あまりにもわかりやすい対応に、俺はむしろ興味が湧いてきた。今時、そんな性格の人が実際にいるとは。しかも、見るからに外人さんだし……外人というか、異世界人か。
「ええと――」
「それとっ」
また俺が、とりあえず「別にいいよ、気にしなくて」的なことを言おうとした瞬間、ささっと割り込む。
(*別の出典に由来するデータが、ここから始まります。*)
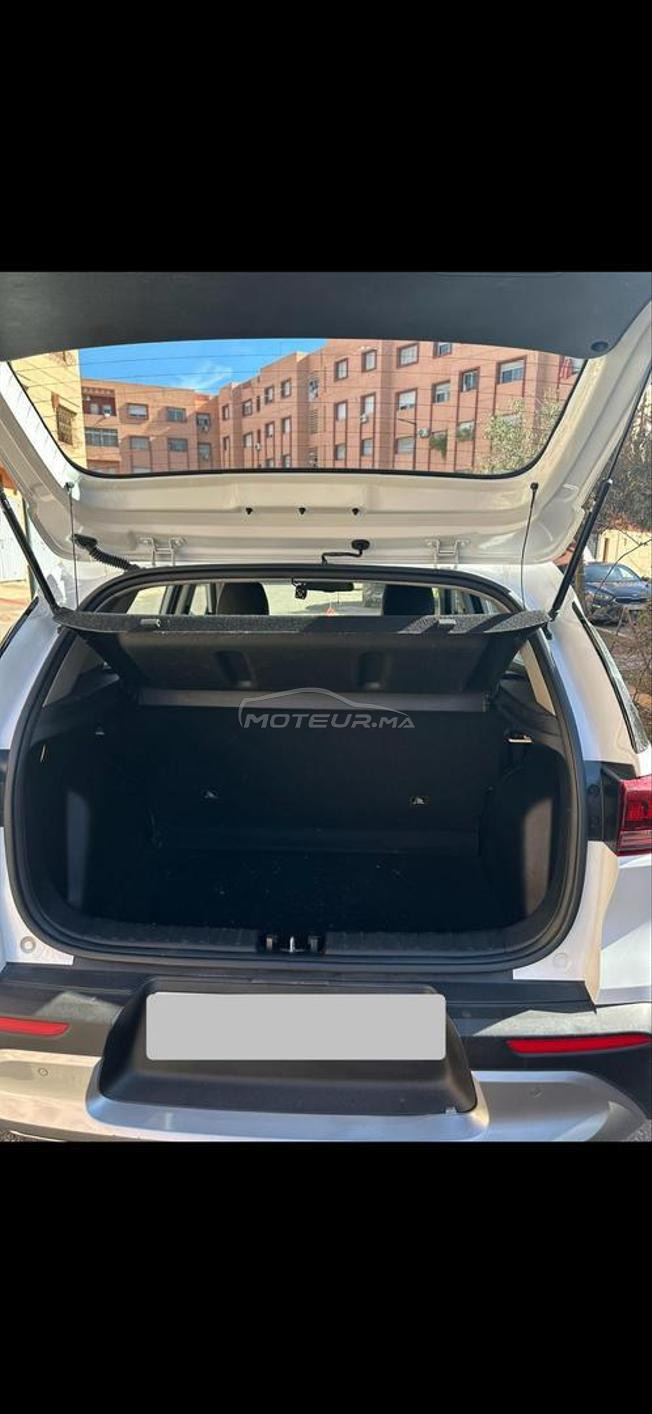 Kia Sonet Essence Automatique 2023 à Marrakech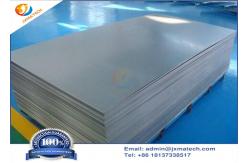 China Thickness 0.02~2 R60702 Zirconium Plate Zr Sheet ASTM B551 supplier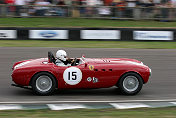 15 Ferrari 340 America s/n 0196a Joe Bamford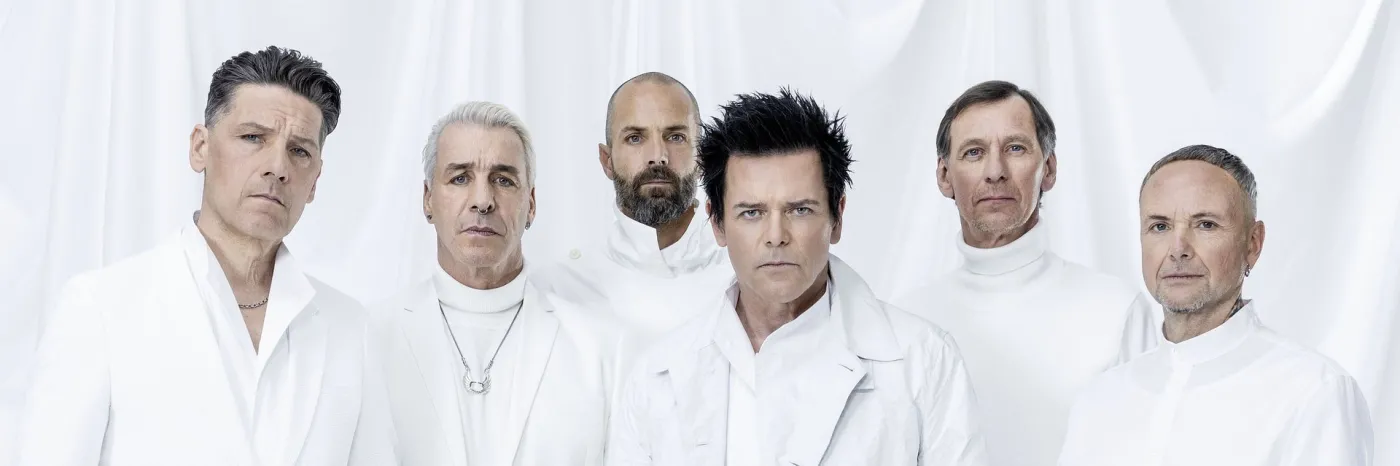 Rammstein wraca do Polski. Zagra na Stadionie Śląskim w Chorzowie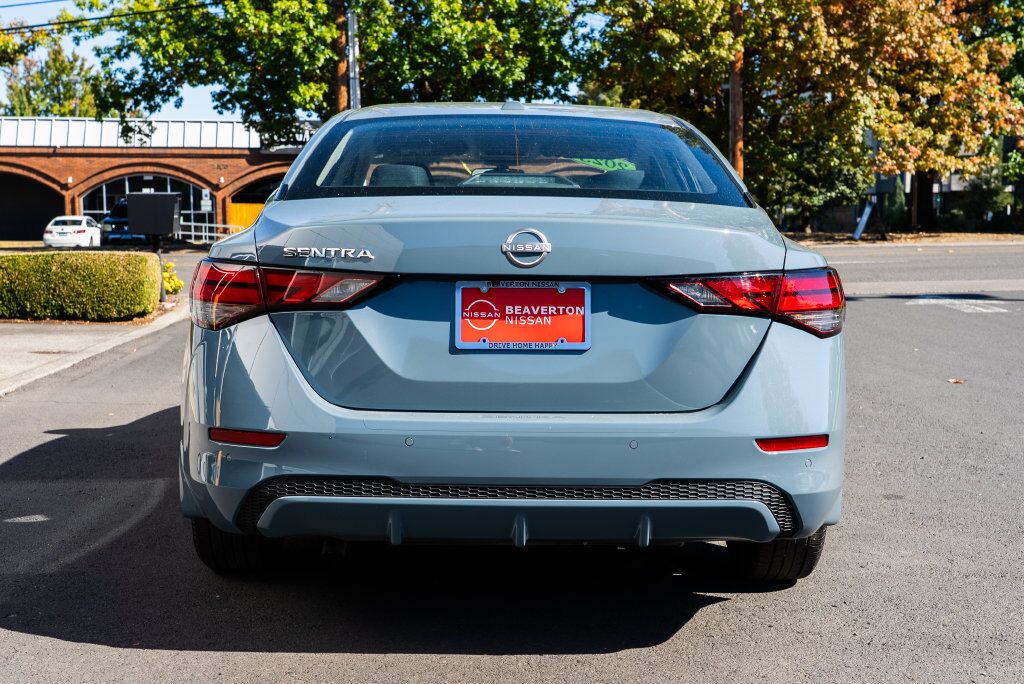 2025 Nissan Sentra SV Beaverton OR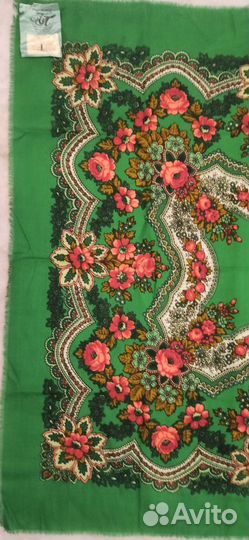 Новый павловский платок СССР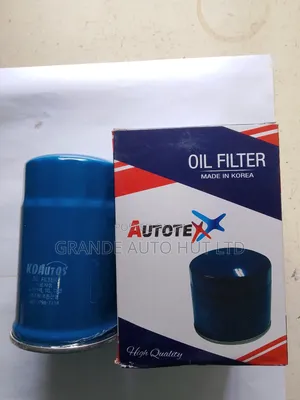 Oil Filter Diesel for Hyundai Tucson/Santa Fe 2007 (Qutotex Brand)
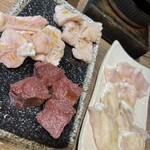 塩ホルモンさとう - 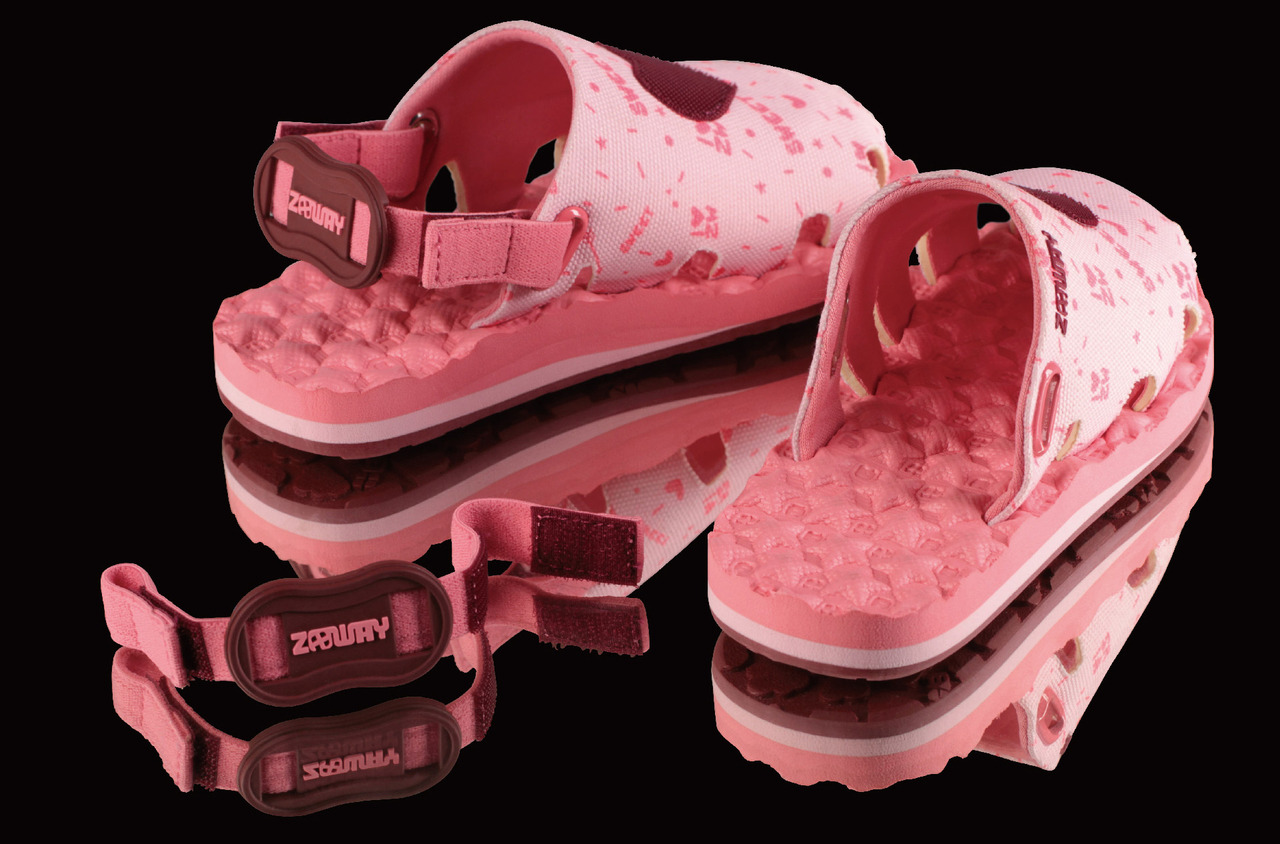 兒童鞋 粉紅 童鞋
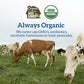 Organic Valley Organic Feta Cheese Crumbles, 4 oz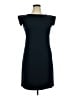 MM. LaFleur Solid Black Casual Dress Size 14 - photo 1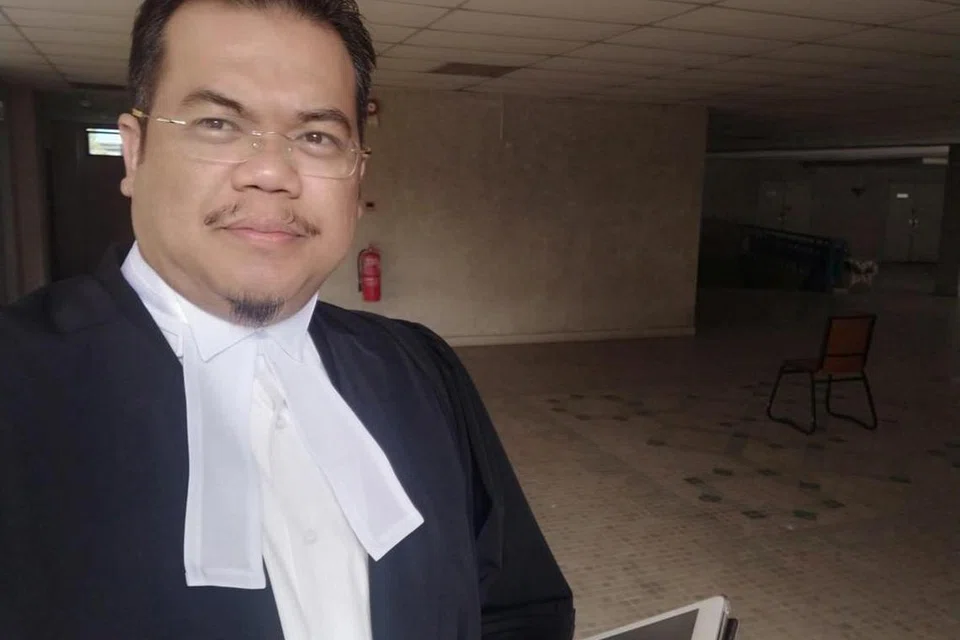 KES ISTERI DUA SUAMI : Peguam Shazril berkongsi cerita aneh ini di TikTok sebagai panduan dan dijadikan ikhtibar. 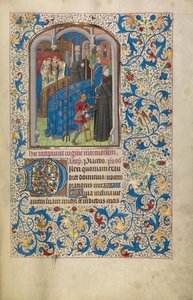 Messe für die Toten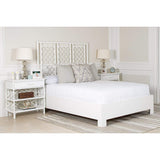 X & Diamond Bed-Beds-David Francis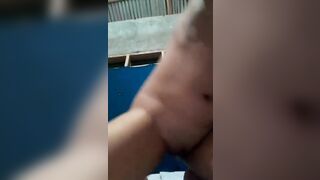 007 Small Asian Teen Romy let her Fucking with shining Pussy Stretcher. 20$ Slut
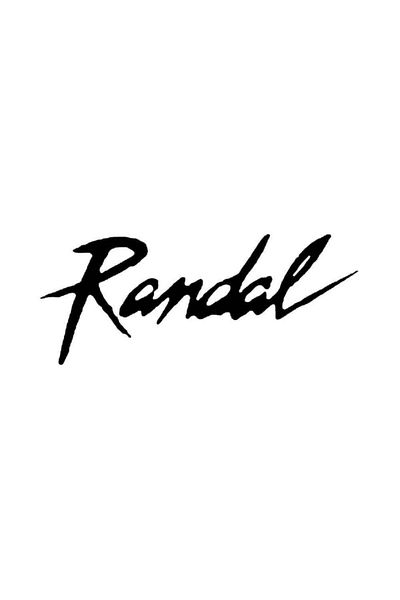 Universal Αυτοκόλλητο Randal Tires SkateBoard Αυτοκόλλητο Αυτοκόλλητο Τοίχου Αυτοκινήτου Αυτοκόλλητο Τοίχου Διακοσμητικό Σπίτι 20cm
「じ、実はここからが本題なんだけど……あたしのパーティーがその……全滅しちゃって。良ければ、合流させてくれないかと」
「うっ」
そ、そんな用件でしたか。
ていうか、いきなり上目遣いで俺を見ないでくれ。
助け船を期待してマイを見たが、この子はまた見るからに「わたしは反対ですけど、なにか!」と言わんばかりに、眉をひそめてるしな。
軽く片手を腰に当てたモデルポーズで。
……関係ないけど、相変わらずスタイルいいな、ちくしょう。腰の曲線が眩しすぎる。
無理に視線を引きはがした俺は、「でも、それなりの腕なら、一人の方が気楽じゃない?」と俺基準で金髪さんに尋ねてみた。反対の立場なら、知らない外人さん達のパーティーに入るのは遠慮したいぞ、俺なら。
「ええっ、それ遠回しに断ってるわけ!?」
なぜか、めちゃくちゃ意外そうに俺を見返したぞ。
さすがに、純白のブレストアーマーとミニスカート、それに背中に紋章つけた白マント着用の女の子だ。
断られるなんて、思ってもみなかったらしい。
「あなた、ひとりぼっちの女の子を見捨てる気っ。騎士道精神はどこへ行ったのよ!」
「いや……高校二年のガキにそんなこと言われてもな」
騎士道精神とか、真顔で言うなよ。
こっちは、男女同権の時代だっつーの。
「あんた――じゃなくて、君は美人だし、頼めば入れてくれるパーティーがいくらでもいるんじゃない? なにも二人ぼっちの俺達に申し出なくても」
「そう、そうですっ」
マイが声を大にして賛成した。
「受け入れてくれる先は、いくらでもあると思いますっ」
「それはまあ、そうなんだけど」
まんざらでもなさそうに答えた金髪さんは、しかしすぐに俺をきっと睨み付けた。
「あたしが美人だって思うなら、なんであなたは断るのよ!」
「断るというか……う~ん」
まさか、「コミュ症だし、二人くらいが丁度いいんで」とも言えない。
「ちょっと、相談させてくれ」
俺はマイに目で合図して、その子から距離を取った。
ただ……マイはどう見ても反対そうなので、困りものだが。